The NCAA men’s basketball tournament may be the most beloved tradition in the evolving landscape of college sports.
Each spring, 68 teams from Division I schools get a fair shot at the national title — though fans debate just how fair. Such talk is itself a national pastime, like bracket predictions and watch parties.
For three weeks, Americans of all stripes come together to cheer on their teams or adopt some long-shot darling in a series of games often decided by teamwork and luck over sheer athleticism.
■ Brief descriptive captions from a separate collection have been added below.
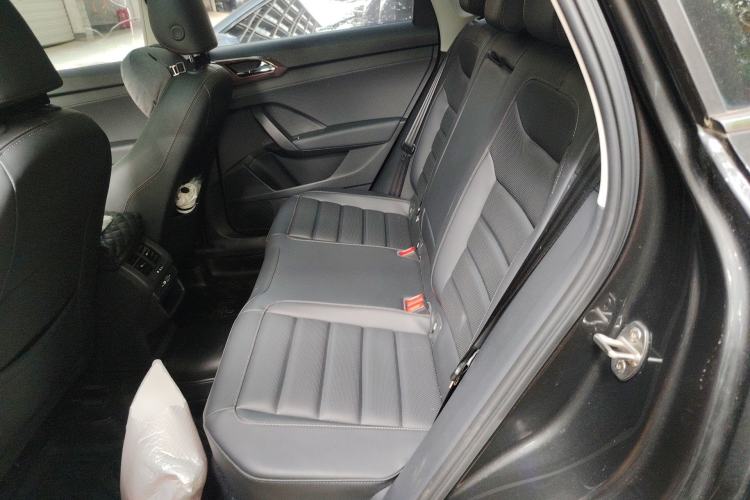 Used Volkswagen Tharu 2021 330TSI All-Wheel Drive Luxury PLUS Version Left Rear Seat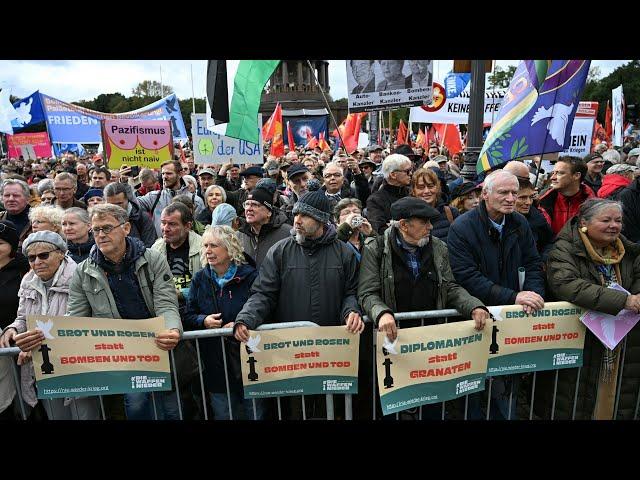 Tausende bei Wagenknecht-Demo für Frieden in Berlin | AFP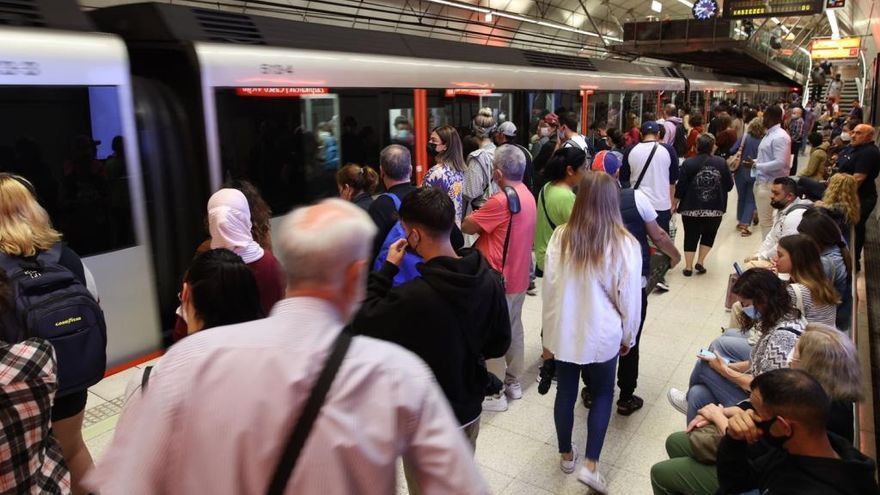 Imagen de una parada de metro abarrotada durante los paros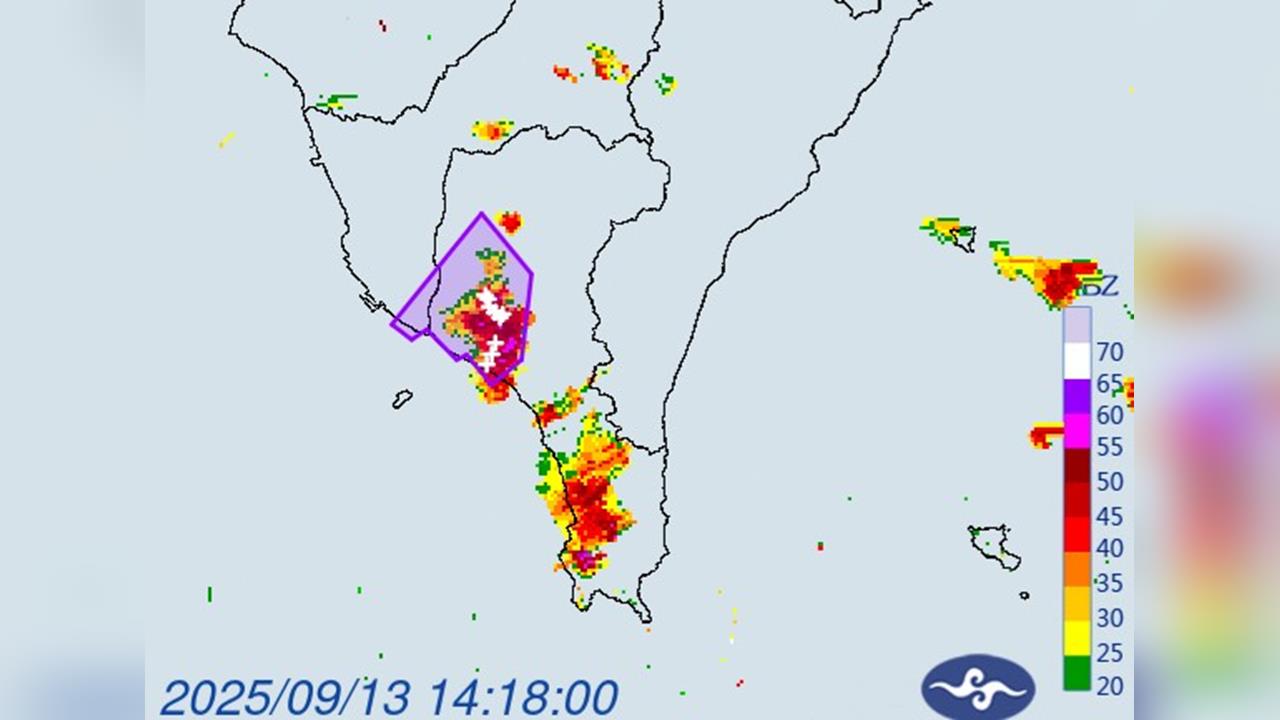 快新聞／雨彈狂炸高雄、屏東！　氣象署示警大雷雨下到「這時候」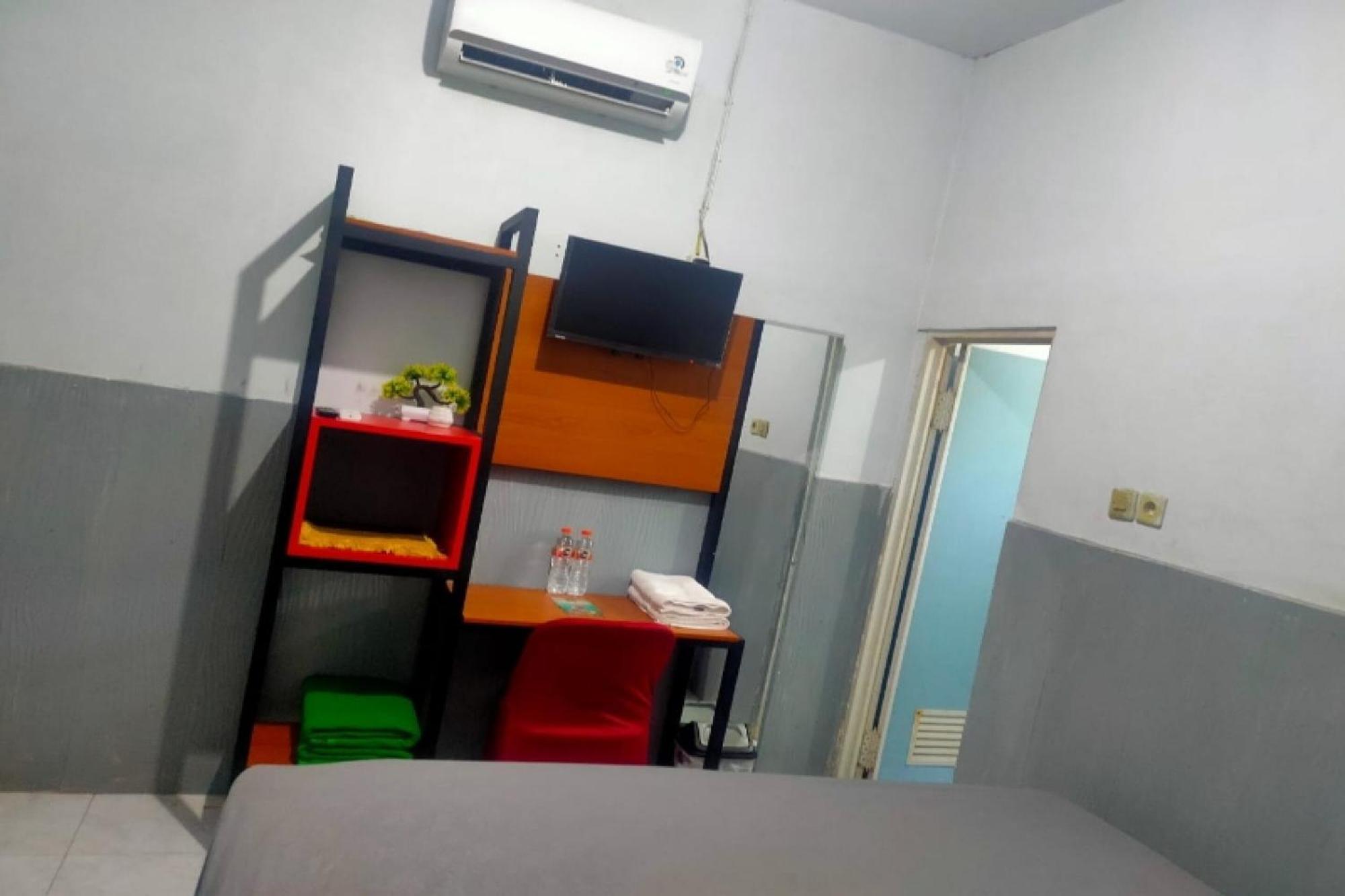 Oyo 91179 Hotel Lagalleria Sumenep Екстер'єр фото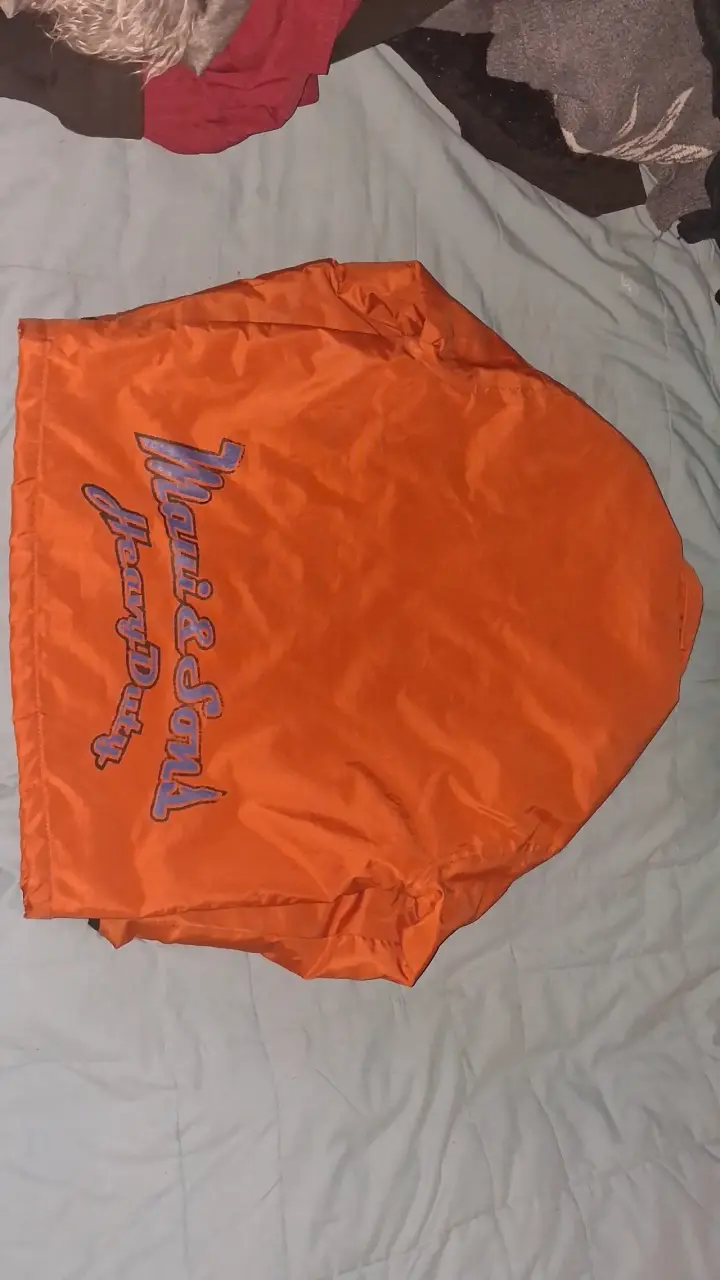 Chaqueta cortaviento naranja y negra - 3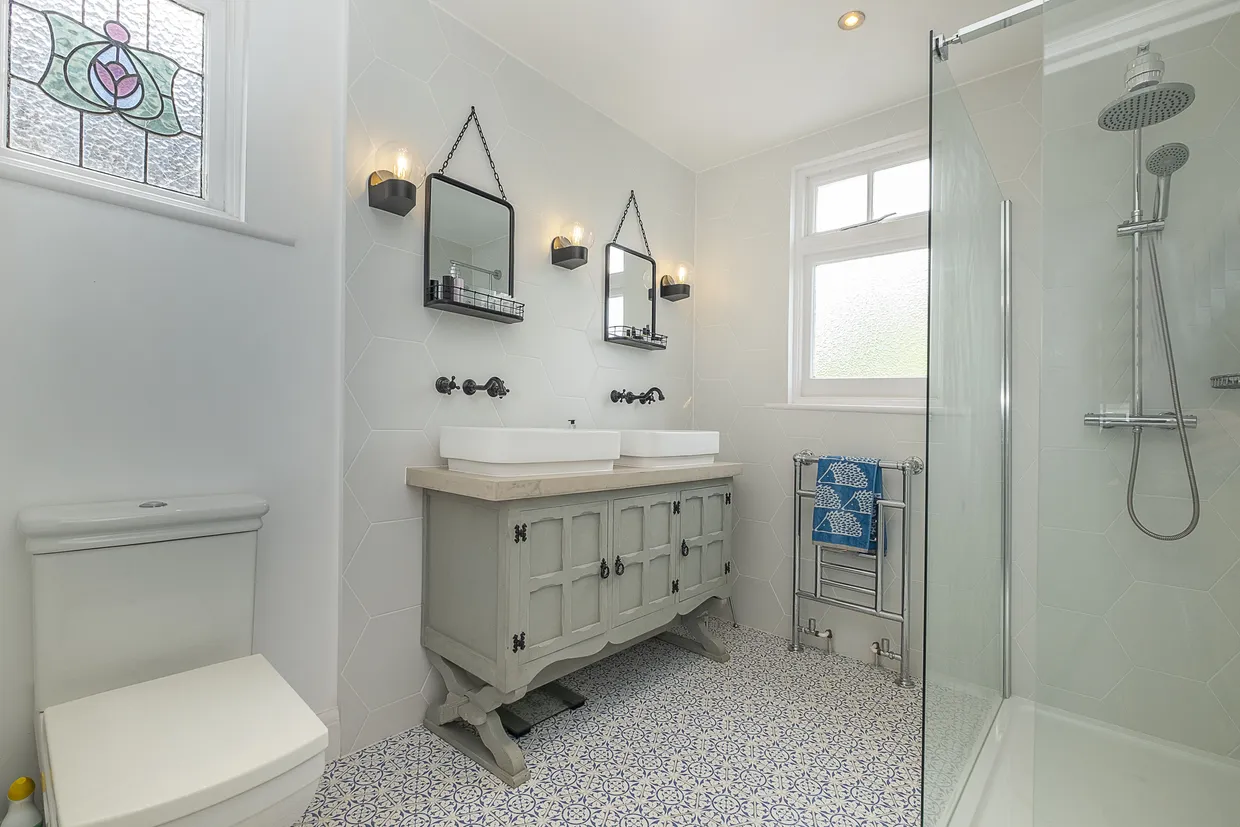 Neville Road, Kingston Upon Thames, KT1 photo 12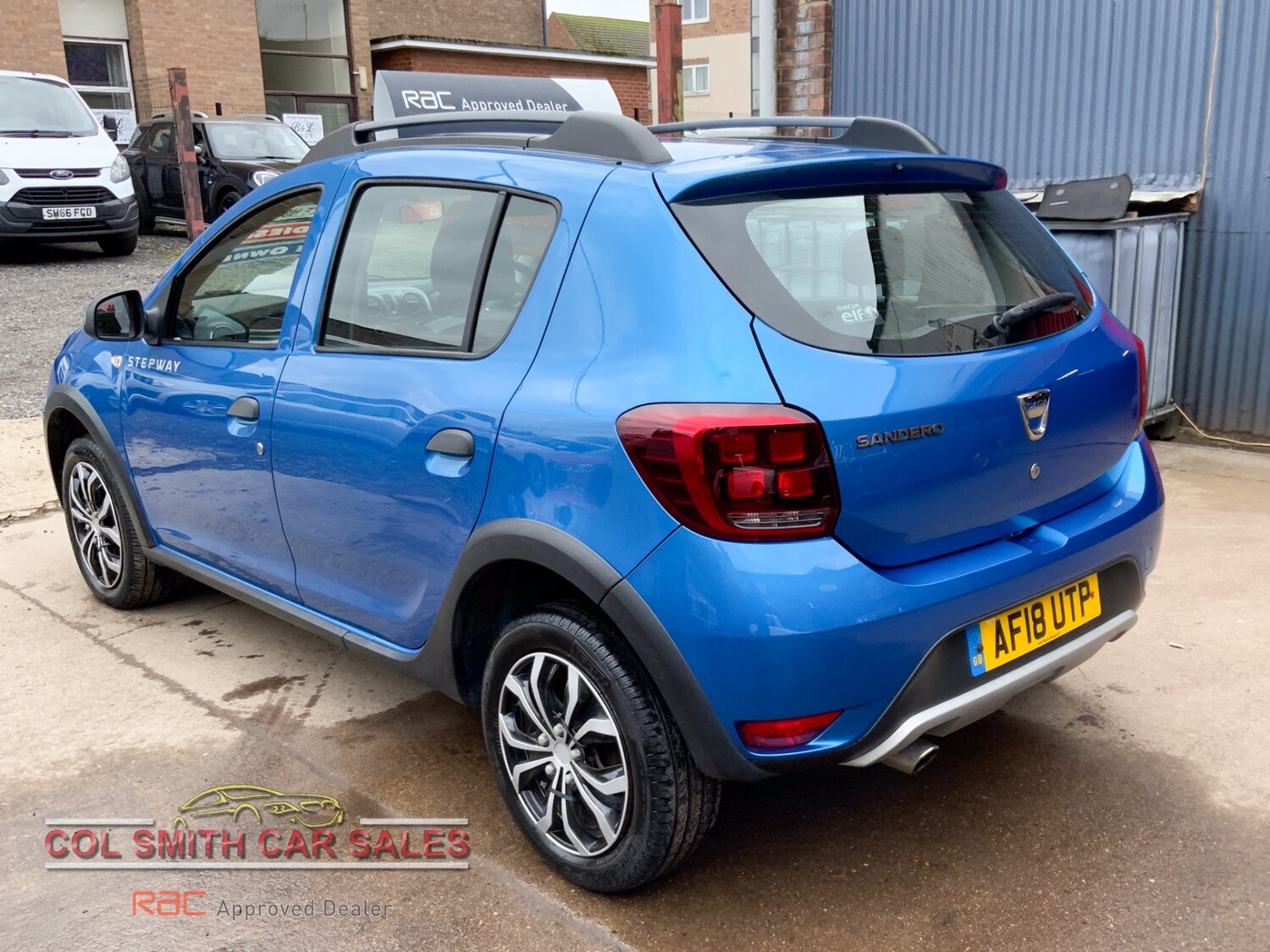 Used Dacia Sandero Stepway 2018 for sale - 77648235: Photo 3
Business is still booming, but changing as it goes. Here’s the Breakdown:
8 teams and a dream in 1939
Coaches ran the first NCAA tournament at Northwestern 86 years ago, the brainchild of Ohio State skipper Harold Olsen. That came a year after the first NIT, managed by New York-area sports writers, and two years after basketball creator James Naismith launched the NAIA, focused on smaller programs. Oregon beat Olsen’s Buckeyes for the national title, and that first event operated at a loss.
$1.1 billion per year
That’s what CBS and Turner Sports will pay the NCAA for the rights to broadcast the tournament through 2032. That doesn’t account for revenue from streaming (which is how most of us watch now), attendance at 14 major venues (including an indoor football stadium) or merchandising, fueled by brands like “The Final Four.”

Girl power
Nearly 19 million people watched the women’s final in 2024, buoyed by Iowa phenom Caitlin Clark, besting the men’s game by almost four million. The NCAA has since secured a $65 million media rights deal for the women’s tournament, a tenfold increase — though it’s still just 5.9 percent of the men’s deal.
The $7 million man
The rumored name, image and likeness payout to BYU’s AJ Dybantsa, the nation’s top recruit in 2025, exceeds rookie salaries of all but the top four NBA draft picks. Packages like this could slow one-and-done departures to the pros and help even a playing field long dominated by power conferences and hoops dynasties. The Cougars have become an NIL innovator, hiring a “chief of staff” to acquire talent so coaches can focus on developing players.
3 transfers, 1 title
UConn won the 2024 tournament with two starters and one key backup acquired through the transfer portal, a personnel tool that has boomed in college football since 2018. Basketball transfers increased just 7 percent between 2021 and 2023, but more change is expected as stars chase rich new NIL deals.
Cinderella bumps
Freshman enrollment increases by 2.1 to 4.5 percent at small schools two years after they notch at least two upset victories in the men’s tournament, per a 2020 study. Conferences earn about $2 million for each qualifying program and $2 million more for each game the teams win. When Florida Atlantic reached the Final Four in 2023, cash-strapped Conference USA snagged a $10 million windfall. The NCAA will send conferences about $264 million this year.
A $1.7 billion money pit
The estimated value of work lost to March Madness accounts for game time in conference rooms and workers filling out between 60 and 100 million brackets each year, many for company-sponsored contests. A 2023 survey found that a quarter of fans would gladly skip work to watch the tourney. Side note: The odds of a perfect bracket are 1 in 9 quintillion. The best-ever correctly predicted 49 games but faltered in the Sweet 16.